Growing Importance of Data Security
The global data backup and recovery sector, which Own Company operates in, was valued at $12.9 billion in 2023, with a projected compound annual growth rate of 10.9% from 2017 to 2023. The growing importance of data security is driven by increasing threats like ransomware and regulatory requirements in various regions. As data security becomes a top priority for businesses, Salesforce’s acquisition of Own Company positions it to better address these concerns and capture a larger share of the data protection market.
Competitive Impact
The acquisition is likely to disrupt competitors in the backup and data protection space, similar to the impact of Salesforce’s earlier acquisition of Steelbrick, which altered the landscape for other CPQ providers. By integrating Own Company’s capabilities, Salesforce can offer more comprehensive data protection solutions, potentially attracting customers from competitors and strengthening its market position.
Conclusion: Is Salesforce a Good Buy?
Based on the analysis of the strategic rationale, financial implications, market trends, and competitive landscape, Salesforce appears to be a good buy. The acquisition of Own Company enhances Salesforce’s data security and protection capabilities, aligns with its AI and data management strategy, and positions it well within the growing data protection market. Despite the recent decline in stock price, analysts maintain a positive outlook, citing the strategic acquisition and attractive valuation as key factors.

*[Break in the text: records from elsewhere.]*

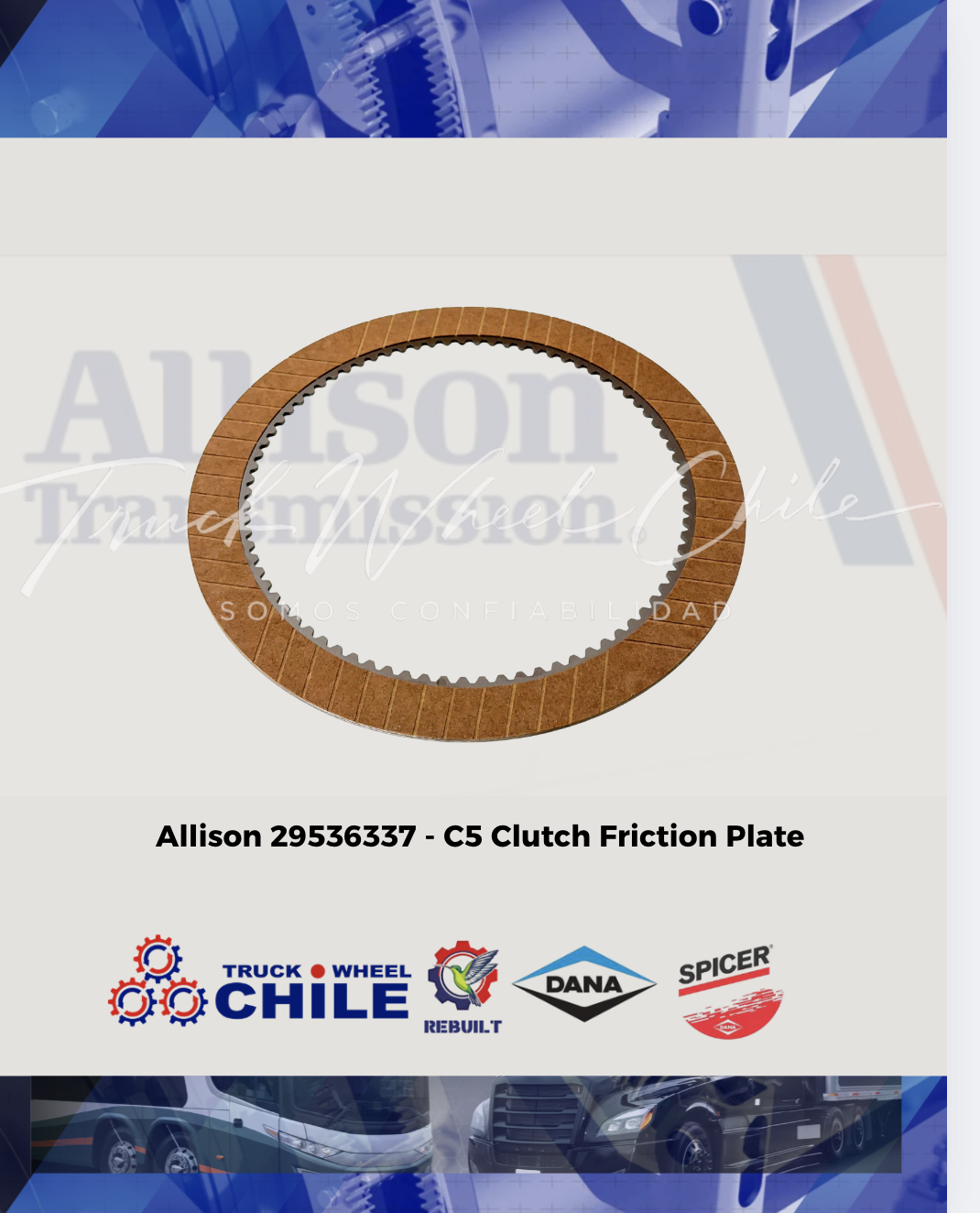 Allison 29536337 -  fricción del embrague C5 S/3000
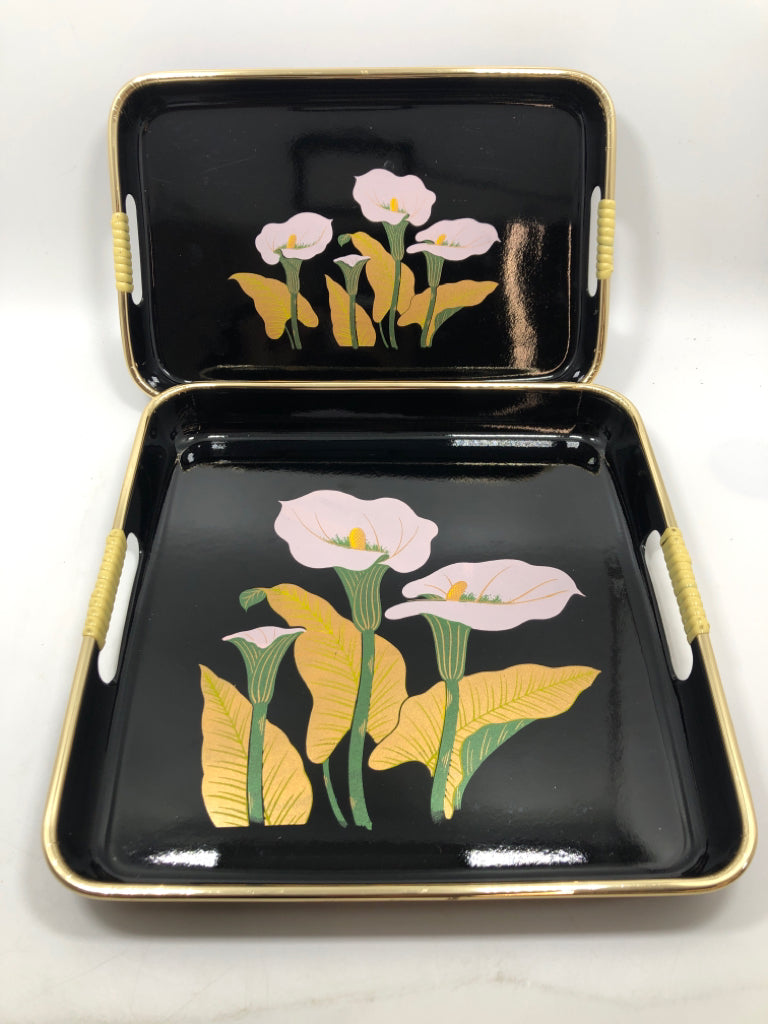 2PC VTG CALLA LILLIE LACQUERWARE NESTING TRAYS.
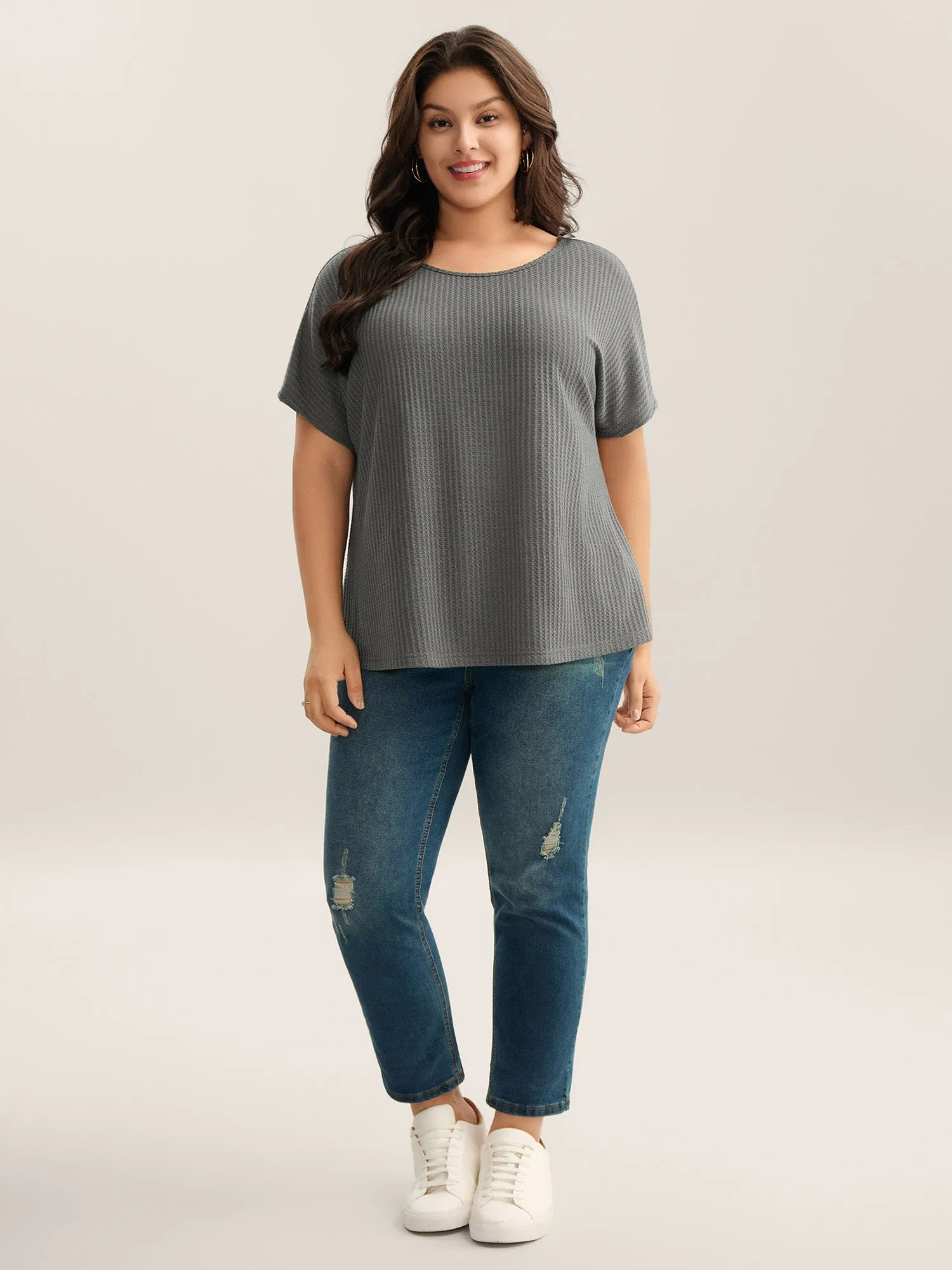 Backless Lace Crossover Solid T-Shirt sold by Bloomchic product image thumbnail 3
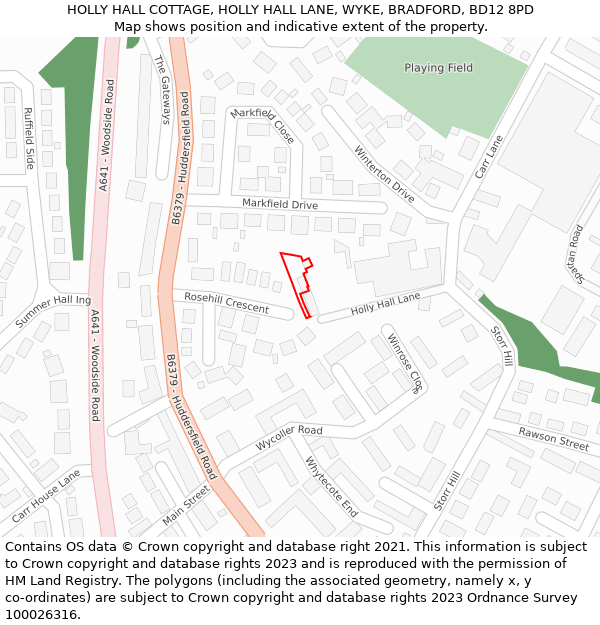HOLLY HALL COTTAGE, HOLLY HALL LANE, WYKE, BRADFORD, BD12 8PD: Location map and indicative extent of plot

Salesforce’s financial performance remains strong, with earnings surpassing estimates and an 8% increase in sales. The acquisition is expected to be cash flow accretive by the second year, contributing positively to Salesforce’s financials without impacting its full-year guidance or capital return program. With a valuation of 19 times the projected 2025 free cash flow estimate, Salesforce stock represents a potential growth opportunity, particularly as the company continues to invest in strategic acquisitions and AI technologies.
In conclusion, Salesforce’s acquisition of Own Company is a strategic move that enhances its capabilities and market position, making Salesforce stock a compelling investment opportunity for long-term growth.